Anyways, if Real Friends was your go-to band I’d say you were a step above Modern Baseball but below The Wonder Years. You had some big feelings, this small glimpse of optimism for the future, but you were dramatically weighed down by the ghosts of your present (that was good, maybe I should ghost write for a pop punk band?). Real Friends always made me feel like I still had a fighting chance. “If you never break, you’ll never know how to put yourself back together.” Thus that optimism I’m talking about. 

So yeah, you were down and out, but not for good. Never for good. 

5. Pierce the Veil

If you listened to PTV, you had some dark ass days as a teen. I remember during my darker teenage days, these guys got a lot of play on my iPhone 5S. Given that this band has lyrics that do reference self-harm, that may have been something you struggled with. You had some dark thoughts (maybe even suicidal ideation). Not that these bands weren’t a warm blanket for a lot of us, but there’s something so specific about PTV in the way they served their listeners. Music heals, and this was one of the ways that you found healing. 

“Bulls in the Bronx” still slaps. Hard.

6. Mayday Parade

You liked to cry, huh? Like that was just your pastime. You really put crying as one of your hobbies on those group questionnaires at camp when they asked what you did for fun. 

If this was your favorite band, you were typically in your feelings because of your relationship life (or lack thereof completely).
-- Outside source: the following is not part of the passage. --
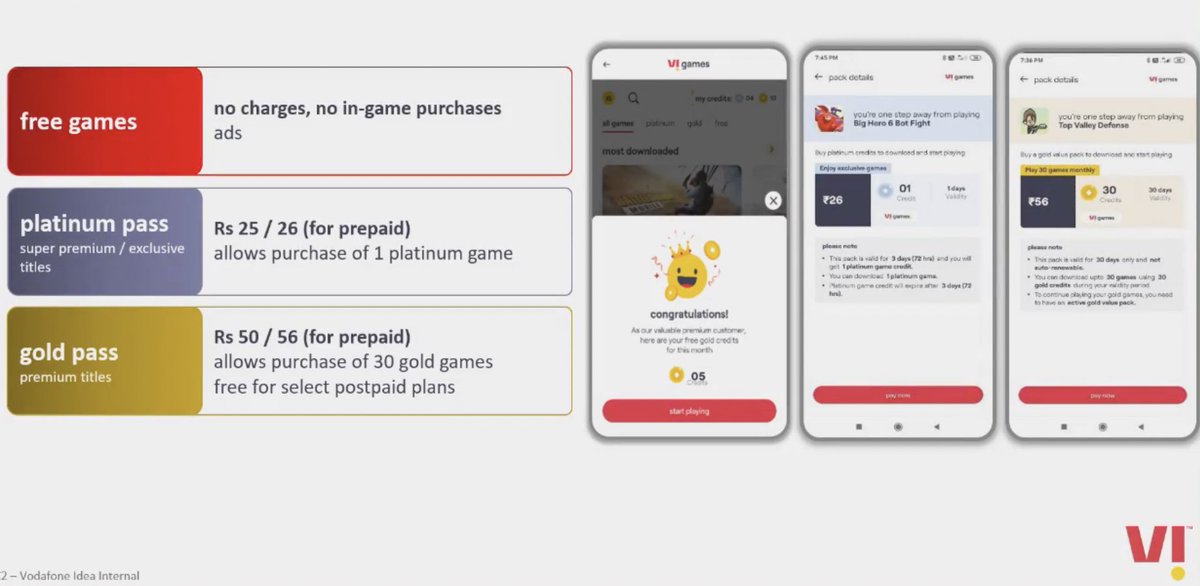 Satwik680's tweet photo. #ViGames Pricing.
Taking a guess here, but I’m going to assume that if you weren’t in a relationship constantly, love was that thing you were looking for because you were incredibly lonely. Mayday Parade’s songs gave you something to aspire towards on both ends. To quote my favorite movie “Moulin Rouge,” “The greatest thing you’ll ever learn is just to love and be loved in return,” and that’s basically what these songs made you feel.

You are loved regardless of whether it’s romantic or not. That’s a lesson you’d have to learn, or that you may still be learning right now. 

7. My Chemical Romance

You were the artsy high school teen that felt so misunderstood, when in reality you were low-key a little pretentious, why lie? My entire friend group were MCR fangirls so I think I can say that.
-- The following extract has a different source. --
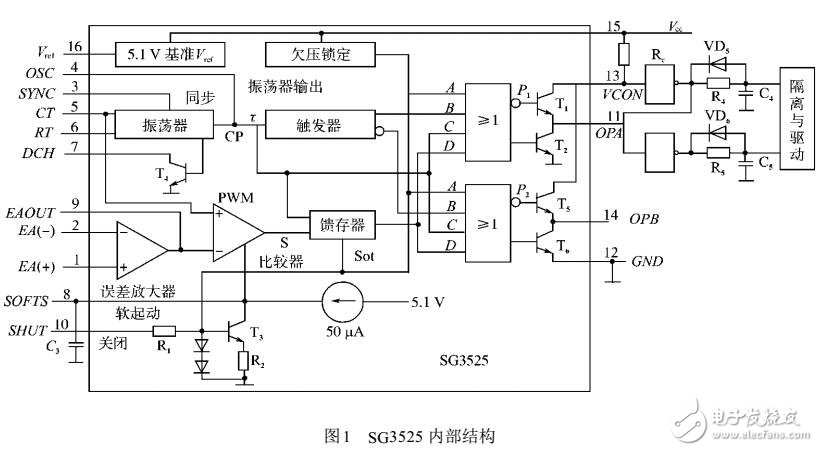 脈寬調制器SG3525在變頻電源中應用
That being said, you processed your mental health through expressive things like theater, art, written word, etc., and you had a lot to get down. MCR created a lot of high concept albums. Yes, every band has a general vibe or theme, but MCR was one of the groups that fused music and illustration in such beautiful ways. 

You were trying to find yourself in a world where you didn’t quite feel like you felt in. You were loved, but didn’t always feel that you were. I will say, if MCR was your favorite it wasn’t just a phase because they’re releasing new music and it’s breaking the internet as we speak.

8. Paramore

First, I’m sad we won’t ever get “Misery Business” live again either. I get it, but also, damn.

If Paramore was your favorite band, you had taste. Incredible taste. Also Hayley Williams is such a great human being.

Anyways, this one has a bit of personal bias because of how often I replayed “Misguided Ghosts” and the rest of “Brand New Eyes.” You were angry, but also a little lost and trying to find your place in the world. More than that though, you were reeling from someone hurting you, and hurting you bad. You had trust issues and so badly wanted to be seen but you felt like cellophane. 

Really hoping you don’t still feel like that, and if you do I promise you really are seen, heard, loved, and your emotions are valid.

Pop punk and punk in general was my entire life at one point. It’s been a while because beyond a few of these bands, I forgot a lot of the themes that they carried which I suppose is good because that’s growth. I remember feeling so lost, hurt, and confused as a teen and looking back I lived through all of my hardest days then, and I’m somehow making it through my much harder days today. Granted it’s mostly due to spite and having to be someone my dog looks up to, but hey, whatever works.

And remember kids…

Pop punk isn’t dead. Emo is forever. Tip your merch guys and stay out of the pit if you can’t handle it. My knees and back can no longer handle it, so I’ll see you near the bar.